$A$ $0.02 \ M$ solution of pyridinium hydrochloride has $pH = 3.44$. Calculate the ionization constant of pyridine.

Given: Concentration of salt $(C)$ = $0.02 \ M$,$pH = 3.44$.
Step $1$: Calculate $[H^{+}]$.
$[H^{+}] = 10^{-pH} = 10^{-3.44} = 3.63 \times 10^{-4} \ M$.

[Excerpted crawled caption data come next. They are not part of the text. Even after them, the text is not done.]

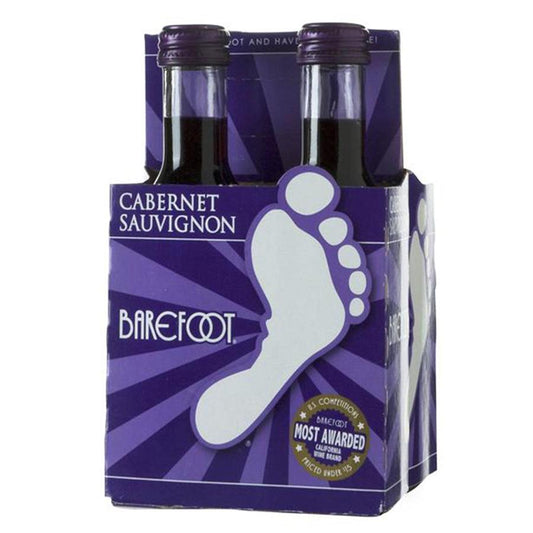 Barefoot Cabernet Sauvignon 4Pk 187ML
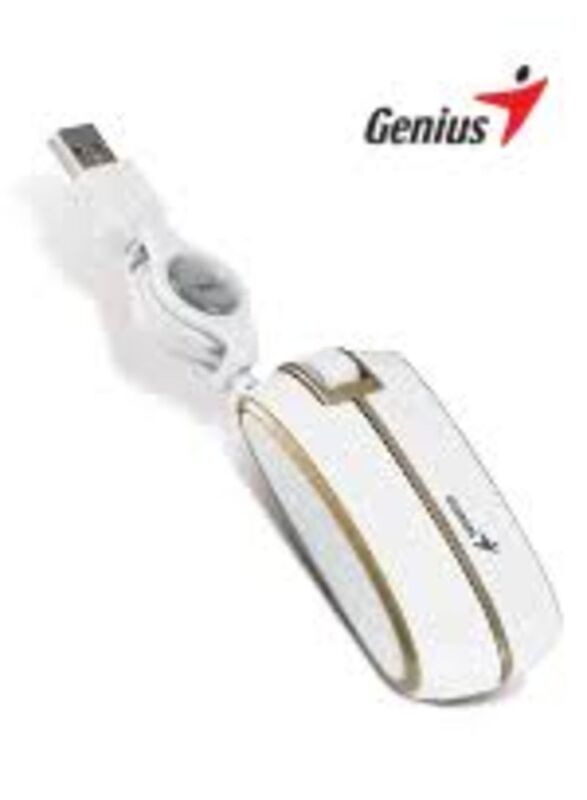 Genius P330 Wired Traveler Optical Mouse for Notebook, Gold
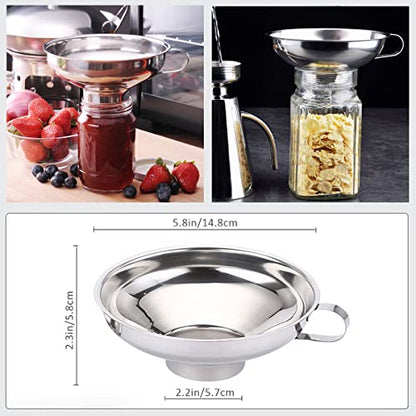Canning Funnel for Kitchen Use, Wide Mouth Funnel for Mason Jars, Large Canning Funnels for Filling Bottles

Step $2$: Calculate the hydrolysis constant $(K_h)$.
For a salt of a weak base and strong acid,$[H^{+}] = \sqrt{K_h \times C}$.
$K_h = \frac{[H^{+}]^2}{C} = \frac{(3.63 \times 10^{-4})^2}{0.02} = \frac{1.3177 \times 10^{-7}}{0.02} = 6.59 \times 10^{-6} \approx 6.6 \times 10^{-6}$.
Step $3$: Calculate the ionization constant of pyridine $(K_b)$.
$K_h = \frac{K_w}{K_b} \Rightarrow K_b = \frac{K_w}{K_h}$.
$K_b = \frac{1.0 \times 10^{-14}}{6.6 \times 10^{-6}} = 1.515 \times 10^{-9}$.